Image-caption web data:
· · · · · · ·

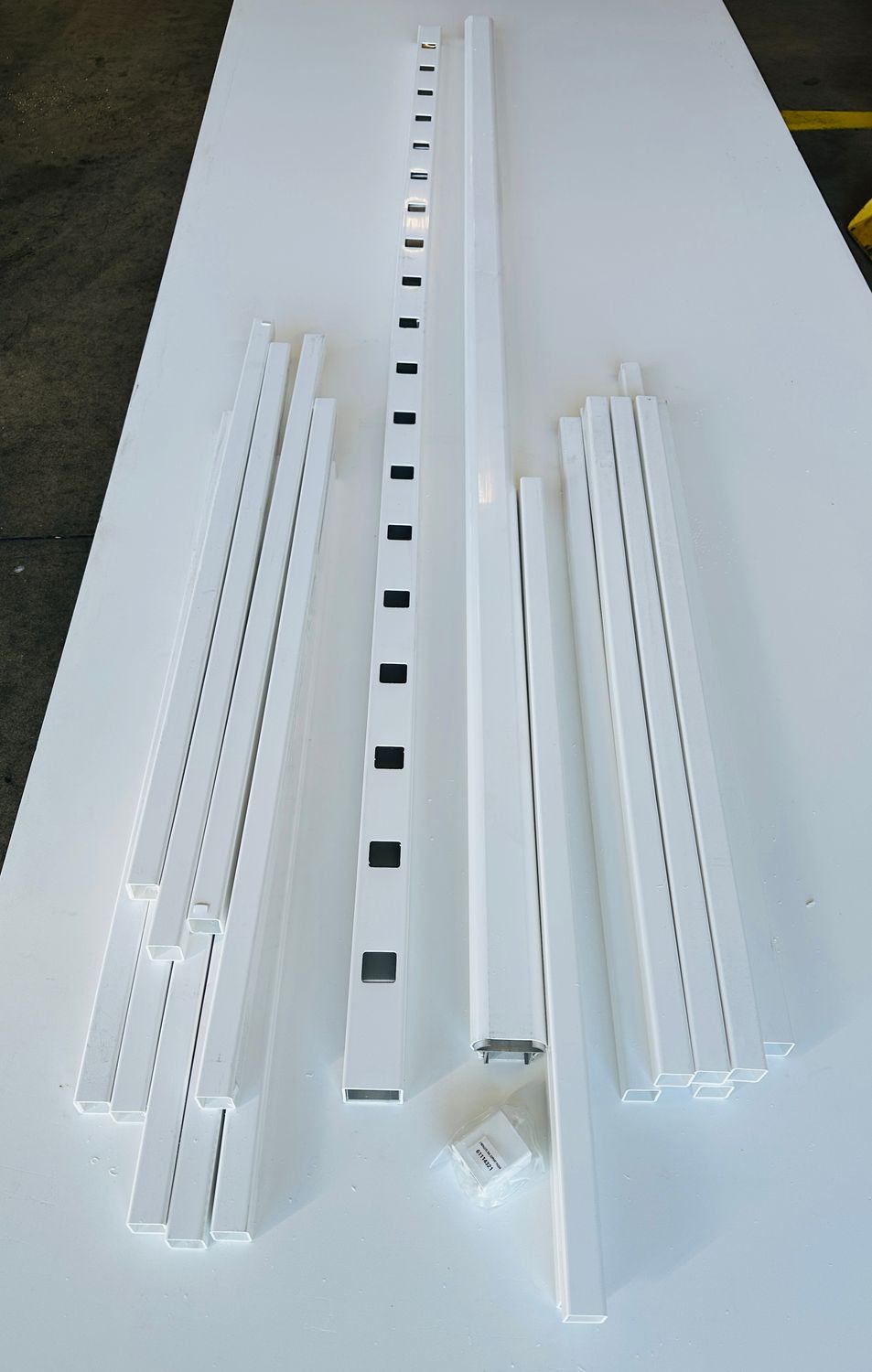 RDI 42 in. x 8 ft. Level Vinyl Rail Kit with 1 1/4 in. Square Balusters - White (Titan Pro Rail)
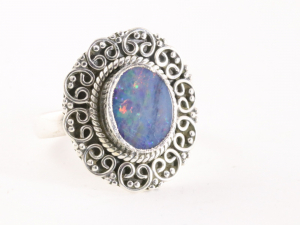 24162 Bewerkte zilveren ring met blauwe doublet opaal 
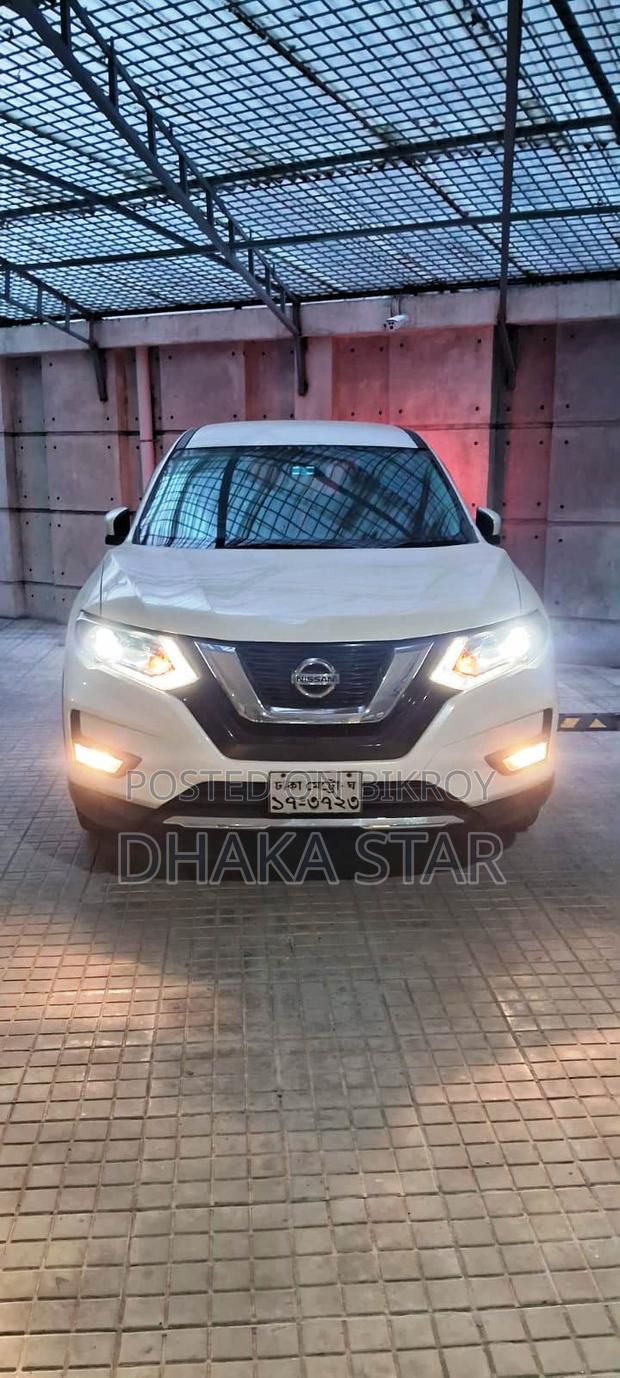 Nissan X-Trail 2.0 Petrol FWD 2014 Pearl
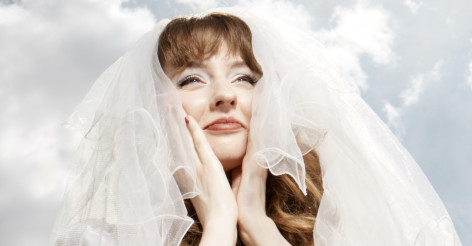 Jenny On Holiday annonce un premier album solo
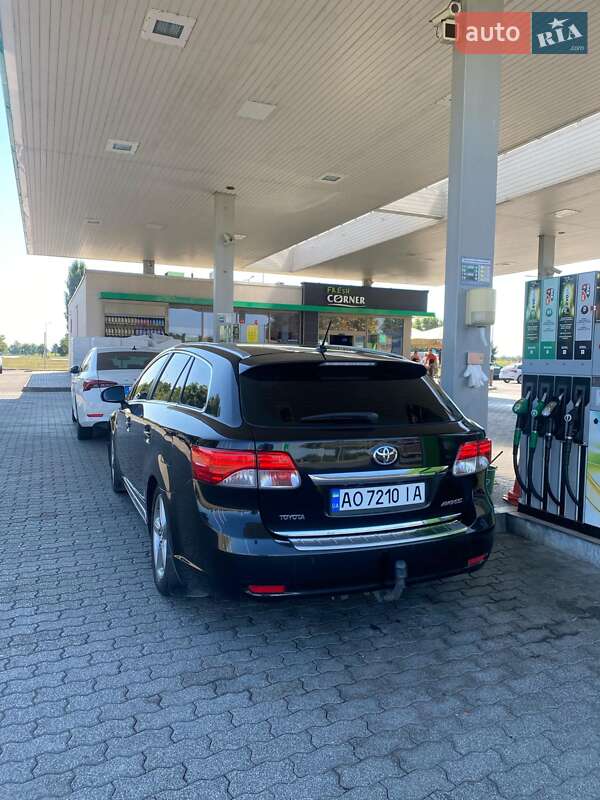 Универсал Toyota Avensis 2012 в Виноградове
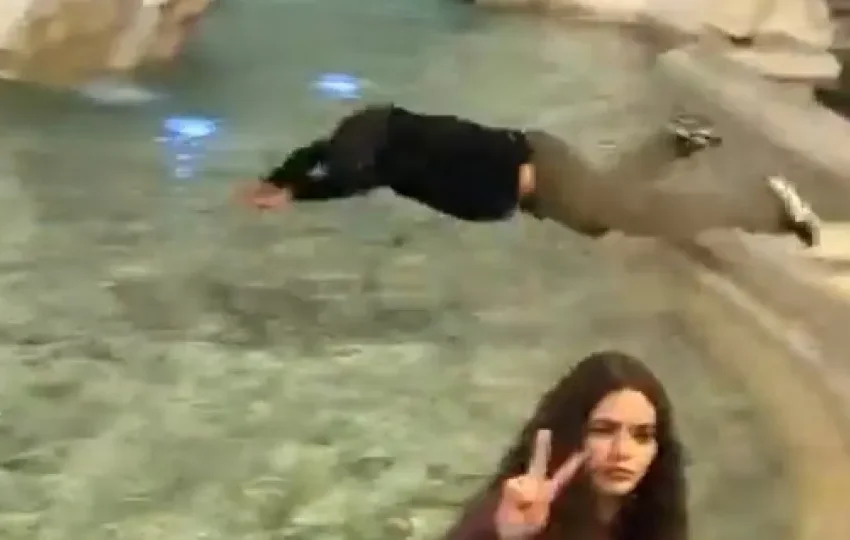  Turista detido em Itália após mergulhar na Fontana di Trevi. Há vídeo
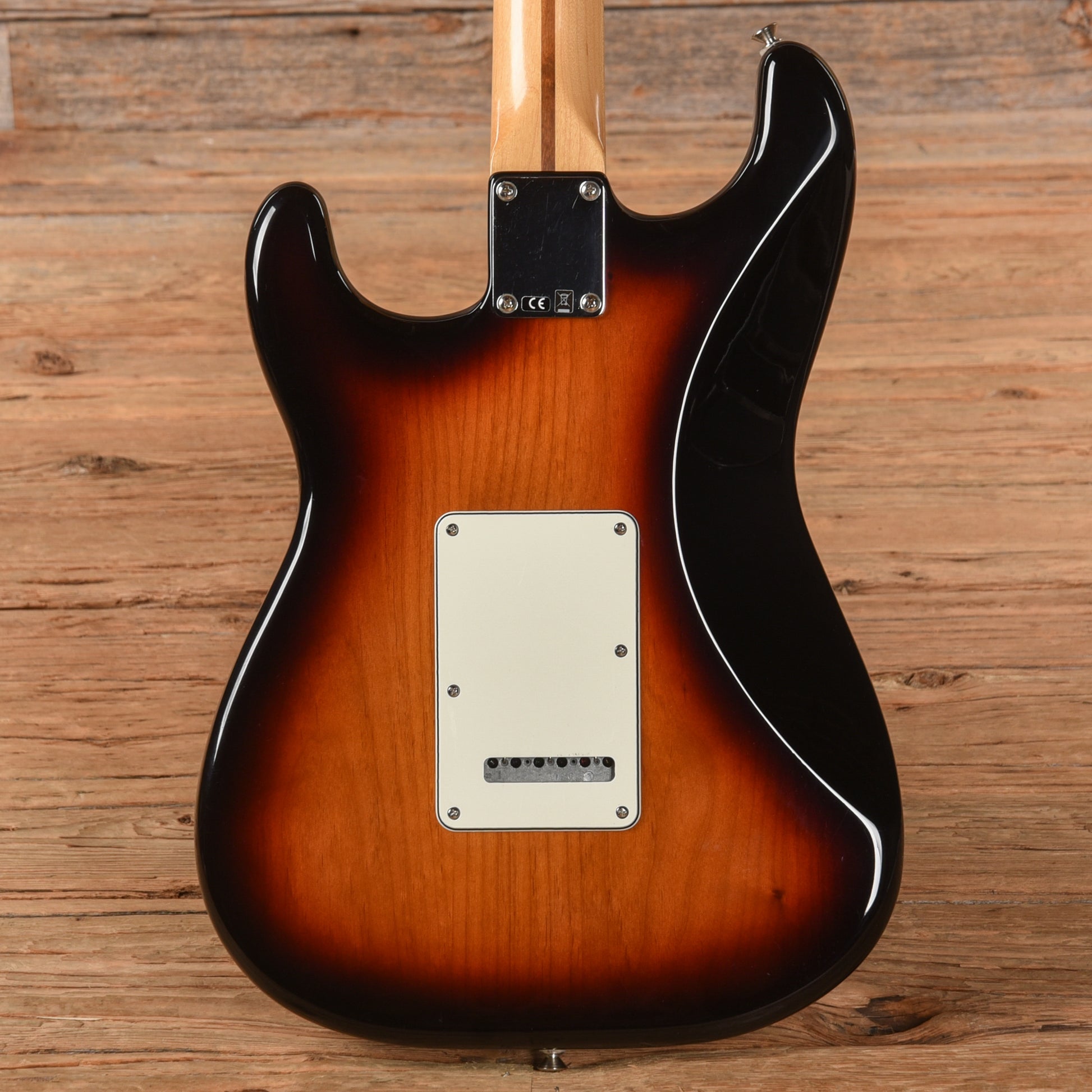 Fender Standard Stratocaster Sunburst 2017 Electric Guitars / Solid Body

· · · · · · ·

- Prompt
Nothing but the lines from the one containing "Nissan X-Trail 2.0 Petrol FWD 2014 Pearl" through the last line of the records above should appear, each repeated exactly, with no pictures.

- Problem solution
 Nissan X-Trail 2.0 Petrol FWD 2014 Pearl
 Jenny On Holiday annonce un premier album solo
 Универсал Toyota Avensis 2012 в Виноградове
  Turista detido em Itália após mergulhar na Fontana di Trevi. Há vídeo
 Fender Standard Stratocaster Sunburst 2017 Electric Guitars / Solid Body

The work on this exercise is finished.